Age: 29
Residence: Toronto
Agency: Meridian Artists
Buzz: Award-winning scripter is part of the team on the animated Producing Parker, soon to air on Global, and she assumes the head writer role on the forthcoming kids show Dino Dan
Crackerjack kids writer Christin Simms, a self-described ex-‘nerd-girl’, clearly understands what makes a story tick.
Speaking about YTV’s Captain Flamingo, the animated show she scripts in which a boy dresses up as a costumed hero and helps ‘li’l kids’ despite lacking superpowers, she says, ‘Even though it’s a kids cartoon, everything that’s good in it comes from a completely true, honest place.’
Simms won a 2008 Writers Guild of Canada Award for the Captain Flamingo episode ‘Comic Slip,’ inspired by a true experience.
‘Captain Flamingo has a best friend who’s his go-to girl,’ she explains, ‘and I had recently had a fight with my best friend. My script was absolutely 100% about them having a fight. It’s a children’s show, so the fight was about something different, but I brought my emotions to the story. I think that’s what sold the script – what made it work.’
She’s also part of the writing team on Breakthrough Films & Television’s far racier animation Producing Parker, which bowed in May on TVtropolis and is expected to debut on Global soon. Simms is sometimes called upon to supply details about how young women think and act.
‘Parker [voiced by Kristin Booth] is a single television professional who has a dog and works a lot. It’s not me, but there’s a lot of me in it,’ she says. ‘Laura Kosterski created Parker, but I am the closest of all the writers to being in her place. So the other writers are always saying, ‘Christin, what would you do in this situation?’ And I sometimes say, ‘Do we really have to talk about that?”
Ira Levy, Breakthrough partner and EP, finds Simms’ writing ‘precise and witty.’
‘She creates characters that are vulnerable and have unique perspectives on the world,’ he says. ‘They may be outsiders but they’re far saner than most people – and quite often they became the core of her stories. They show you what kind of human beings can do well in this mixed-up world. They’re not unlike the woman herself: endearing and funny.’

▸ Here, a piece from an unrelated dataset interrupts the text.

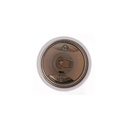 Adapter E27 to E40 thread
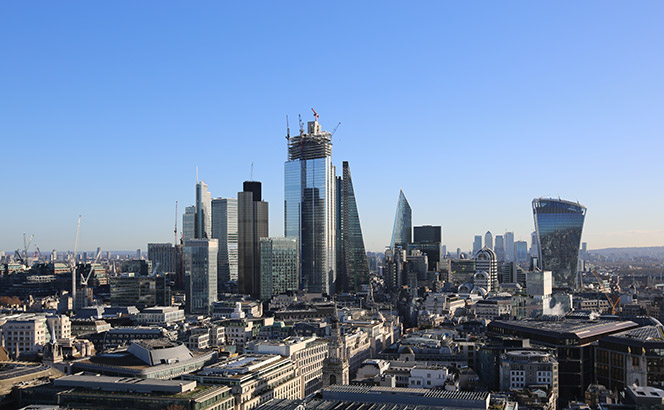O’Melveny and Hogan Lovells lead PE hiring wave as Kirkland boosts tech team with Clifford Chance hire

Simms explains that she is more comfortable writing ‘younger,’ which is perfect for the upcoming Dino Dan (TVO, Access Alberta, Knowledge and SCN), on which she is creative producer and story editor. The series features dinosaurs aplenty conjured up by inquisitive 11-year-old Dan, played by Jason Spevack. Combining live action with CGI, it is Simms’ first live-action series.
Dino Dan is produced by Sinking Ship Entertainment, the principals of which attended Ryerson University with Simms. She admits, however, that taking on new responsibility on the show can be both great and terrifying.
‘It’s hard to have the confidence to say, ‘No, I’m right and you’re wrong,” she says. ‘But if you know what the script is supposed to be, you know how to argue for it. It’s fighting for your vision and knowing that you have to do so.’